Я же нахожу, что т. Жданов, желая унизить Ахматову, употребил слово более выразительное: «барынька». "Барыня" и «дама» — это похоже, это стоит одно другого. Было ли в личности и поведении Ахматовой барское или «дамское» — я судить не берусь: не застала. Я застала лишь нищее, брошенное. (Год, с которого начались наши частые встречи — 1938.) Я застала мужественную женственность, духовную силу, противостоящую нищете, брошенности, гибели. «Красавиц» возле Ахматовой я тоже не видала (видела всего лишь одну, О.А. Глебову-Судейкину, но, к сожалению, лишь мельком, в 1923 году). Мне могут возразить: ну, а до того, как с Ахматовой познакомились вы? Утверждаю: все равно дамского в ней не было и не могло быть: речь ведь идет о поэте. "Существо это странного нрава", — сказала о поэте Ахматова. В Ахматовой ничего не было «дамского», как в Пушкине камер-юнкерского. Никакие перья на шляпе, экипажи или поклонники не делали из Анны Андреевны «даму». Лермонтов оставался Лермонтовым в эполетах и бурке. Личность Ахматовой слишком особенная, от всех отдельная, редкостная; «барыня» или «дама» — это понятия общие, принадлежность к известному кругу, Ахматова же в каждом кругу, интеллигентском, дворянском или разночинном, дореволюционном или послереволюционном, оставалась сама собою, "беззаконной кометой".
-----------------------------------
1 Через всю книгу Надежды Мандельштам проходит лютая ненависть к красавицам.
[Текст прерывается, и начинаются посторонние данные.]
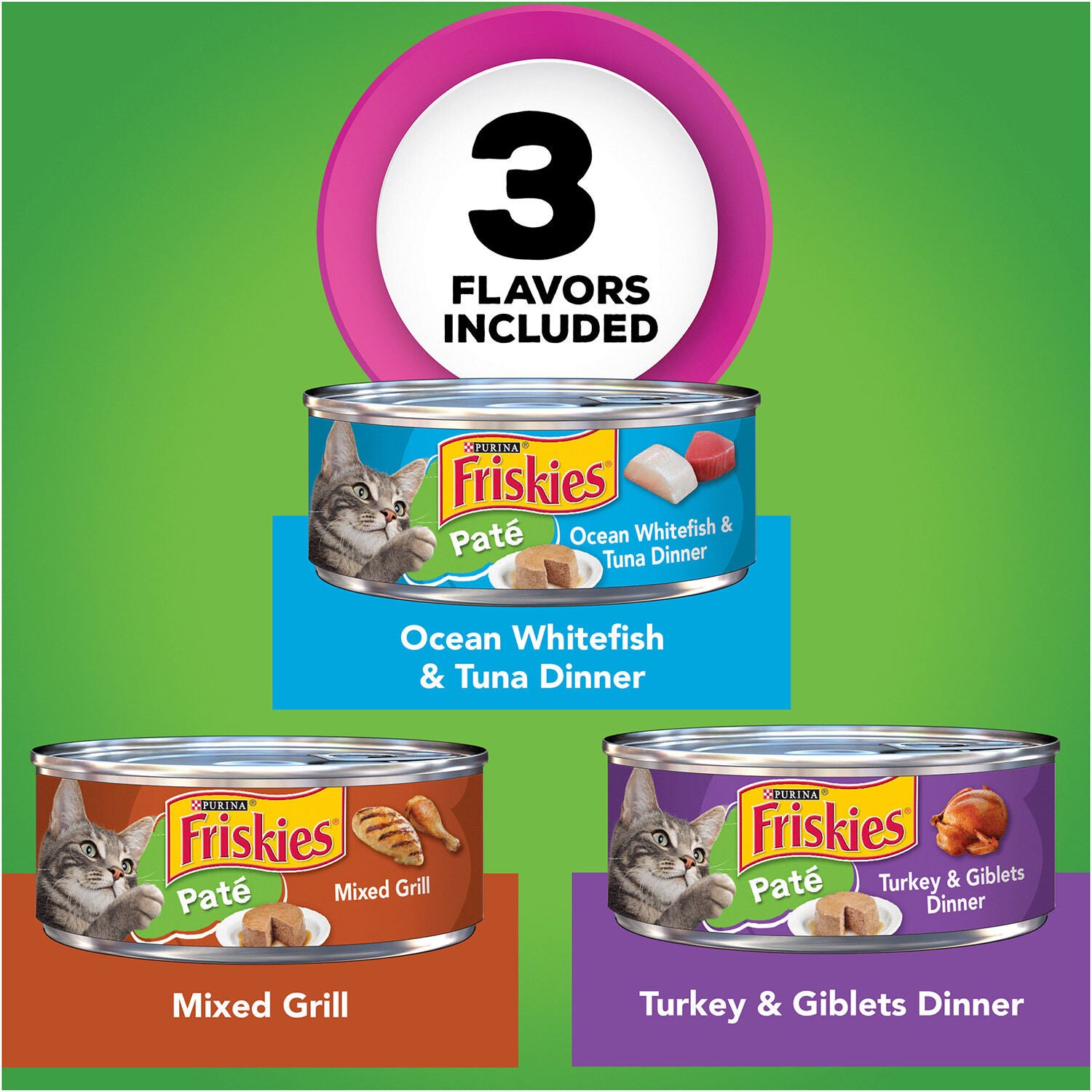 Friskies Classic Pate Recipes Wet Cat Food Variety Pack, 24 5.5 Oz Cans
Отчего бы это?
-----------------------------------
Я сказала бы, что в ранние ее стихи — в сущности еще до-ахматовские прорывалась иногда не «дамскость», а безвкусица, свойственная девяностым годам и рубежу века. Случалось это не часто, как утверждает Надежда Яковлевна, а на удивление редко, потому что Ахматова наделена была безошибочным вкусом, и если в журнальных публикациях мелькали иногда, — в пору, когда Ахматова не осознала себя Ахматовой, — заглавие "Дама в лиловом", или стихи о какой-то маркизе, о каком-то графе, или какаду, то из журналов в сборники они почти никогда не проникали, устраненные ее же непреклонной рукой; в жизни Ахматовой и в стихах не было ровно ничего маркизьего, графского и парадного: всё подлинно, всё всерьез, и неподалеку от смерти. В ахматовской любовной лирике царствует не «дамское», а женское: "дружбы светлые беседы", приближающие часы первой нежности, и жертвенно-женское, и негодующе-женское: нежность, верность, негодование и безутешное вдовство. От «дамы» и «барыни» за тысячи верст.
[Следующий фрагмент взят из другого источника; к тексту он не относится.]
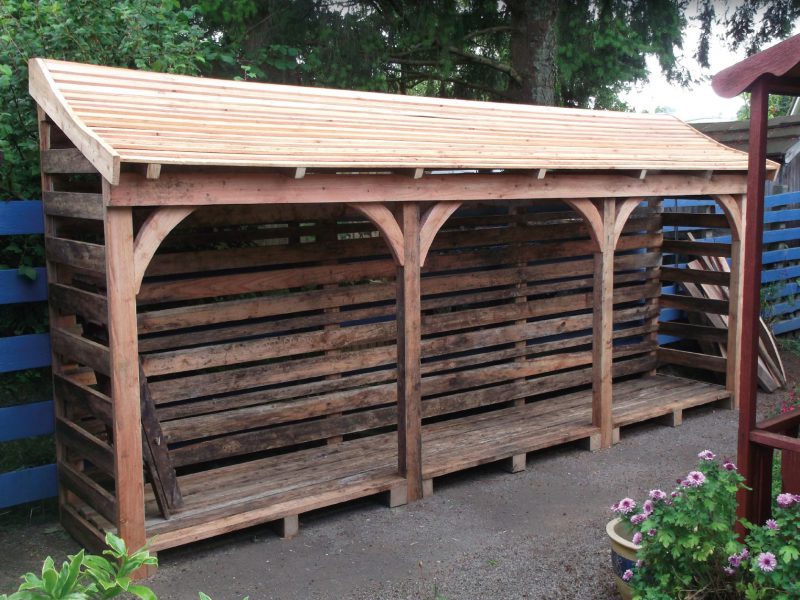 4m3 Capacity Wood Shelter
Ахматовская любовная лирика — одна из вершин великого горного хребта русской поэзии: вершина эта сияет не менее высоко и ослепительно, чем любовная лирика Пушкина, Тютчева, Блока.
На страницах "Второй книги" Надежда Яковлевна отдает должное способности Анны Андреевны быть преданным другом, стойким товарищем по несчастью. Дружеское расположение Анны Андреевны к Надежде Яковлевне мне ведомо не с чужих
слов — я сама имела случай наблюдать его; да и без моих подтверждений свидетельств достаточно. Но по правде сказать, сейчас, через семь лет после кончины Ахматовой, читая "Вторую книгу", я перестаю верить собственной памяти, собственным ушам и глазам; глаза мои видели их обеих вместе, уши, случалось, слышали их беседы, но теперь мне не только смешно читать, будто Анна Андреевна и Надежда Яковлевна представляли собою некое содружество, некое общее «мы» — слишком эти люди различны и слишком уж много злости изливает Надежда Яковлевна на Анну Андреевну, дождавшись ее кончины, но я и вообразить себе не могу того, чему сама была свидетельницей: обыкновенной, заурядной беседы между этими двумя людьми… Да еще беседы о стихах. Каких бы то ни было. Чьих бы то ни было. В особенности ахматовских.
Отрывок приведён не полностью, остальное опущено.